Macro-Generated Runtime Methods

Macro-generated functions are represented as generated runtime method nodes, not as calls attributed back to macro owners.

That means dispatch narrowing runs against the generated method body the same way it would for ordinary source-defined methods.

What “Safe” Means Here

The dispatch layer is intentionally conservative.

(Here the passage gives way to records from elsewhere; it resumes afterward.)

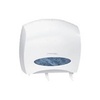 A Picture of product 967-629 Kimberly Clark Professional JRT Jr. Escort Jumbo Roll Bathroom Tissue Dispenser with Stub Roll. White. 16" W x 14.13" H x 5.75" D.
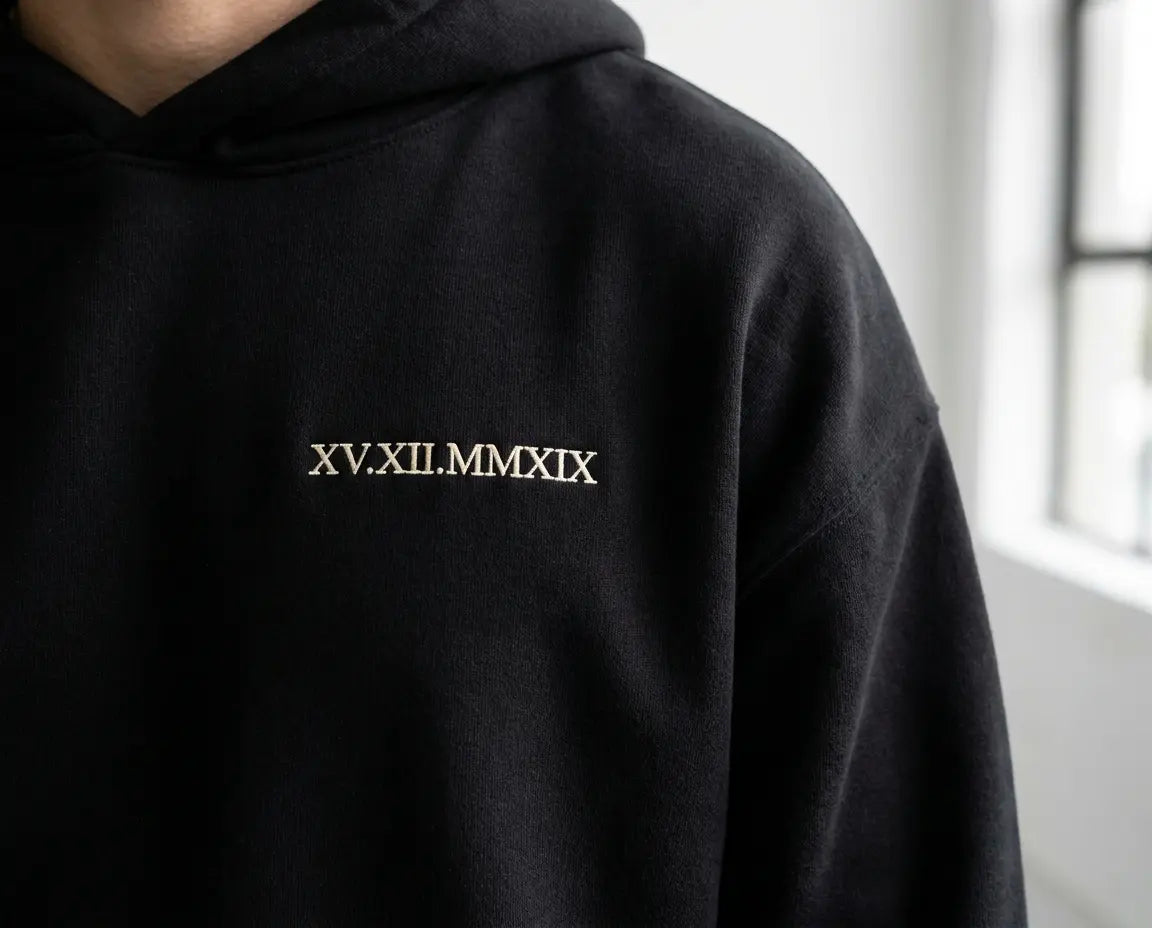 Roman numerals embroidery hoodie close up - stitched Melbourne made premium
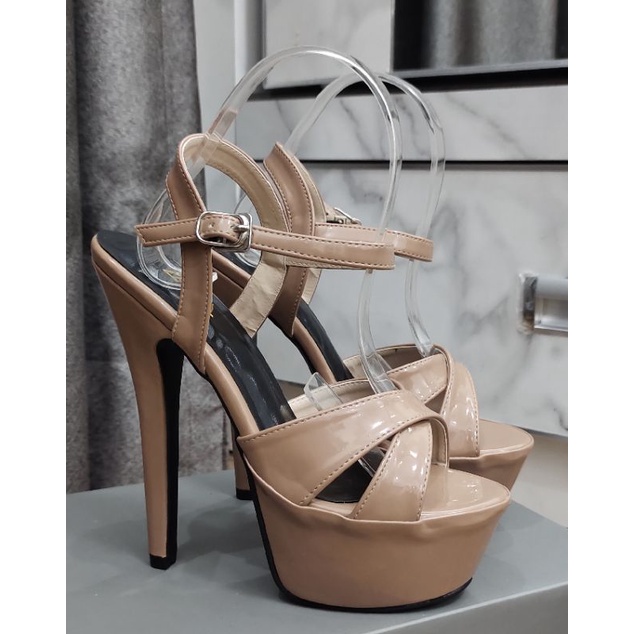 sepatu high heels wanita15cm glosy silang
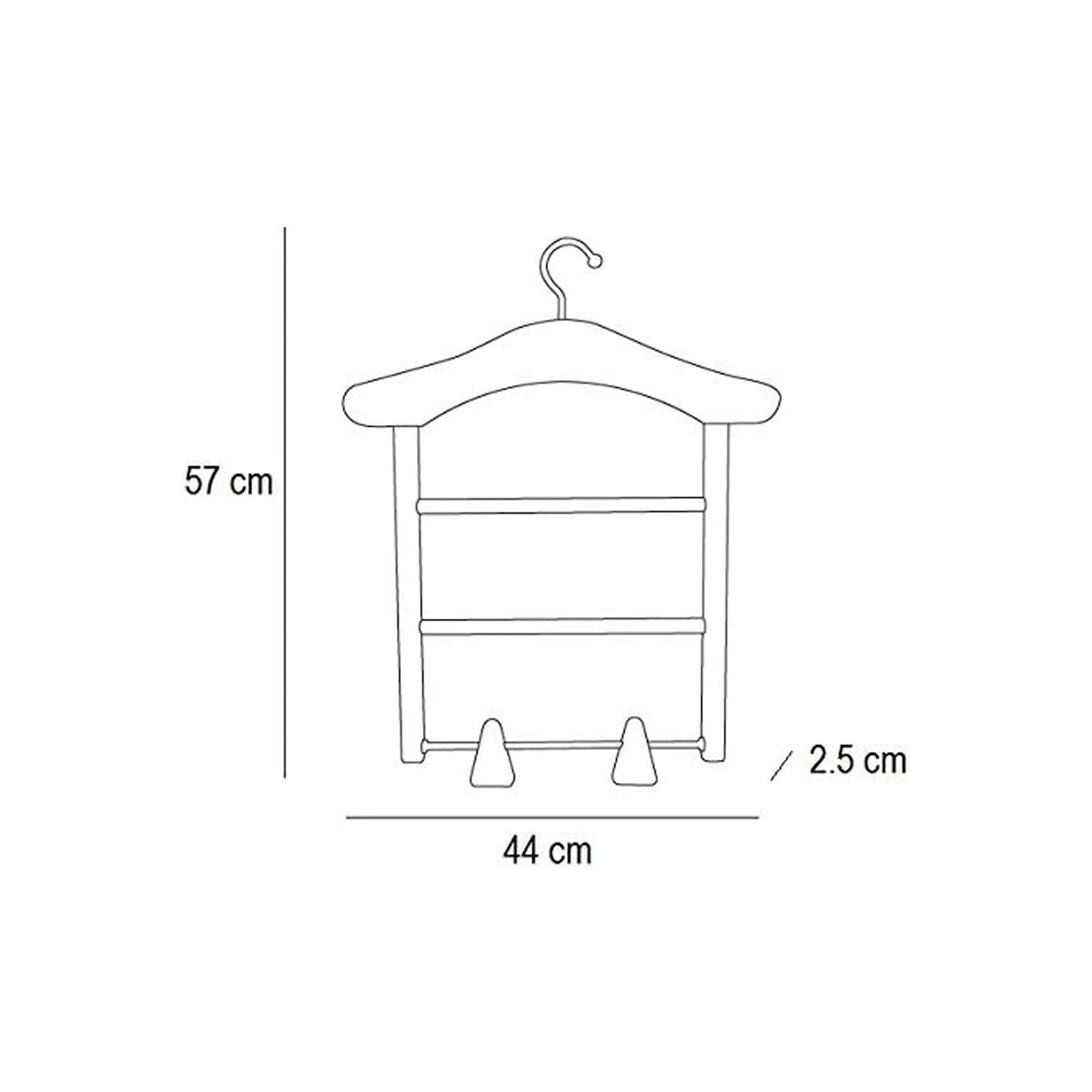 Grucce per abiti MILADY, Grucce salvaspazio, in legno, 2 supporti e clip per gonne, 100% originale fatto in Italia, ciliegia, ARIT, 5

Examples of current safe wins:

  • unique Type{T} matches
  • project subtype-to-supertype narrowing
  • builtin family narrowing such as String vs AbstractString
  • constructor-adjacent helper dispatch after one local assignment
  • bare external short-name qualification when a single visible using Module export matches

Examples of cases it deliberately leaves unresolved:

  • ambiguous short names across multiple visible modules
  • dynamic export generation such as Core.eval(Expr(:export, ...))
  • broad interprocedural type recovery
  • macro-definition dependency edges that are not runtime method truth

Why This Layer Exists Separately

Keeping static dispatch lightweight gives DependencyAtlas a few practical advantages:

  • the base graph remains fast enough to run on large projects
  • evidence remains explainable to humans
  • behavior stays portable across codebases instead of becoming Clapeyron-specific
  • on-demand JET views can still add richer evidence without fighting hidden heuristics in the base layer

In other words, da_source should resolve the calls it can justify from source structure and local facts, then stop.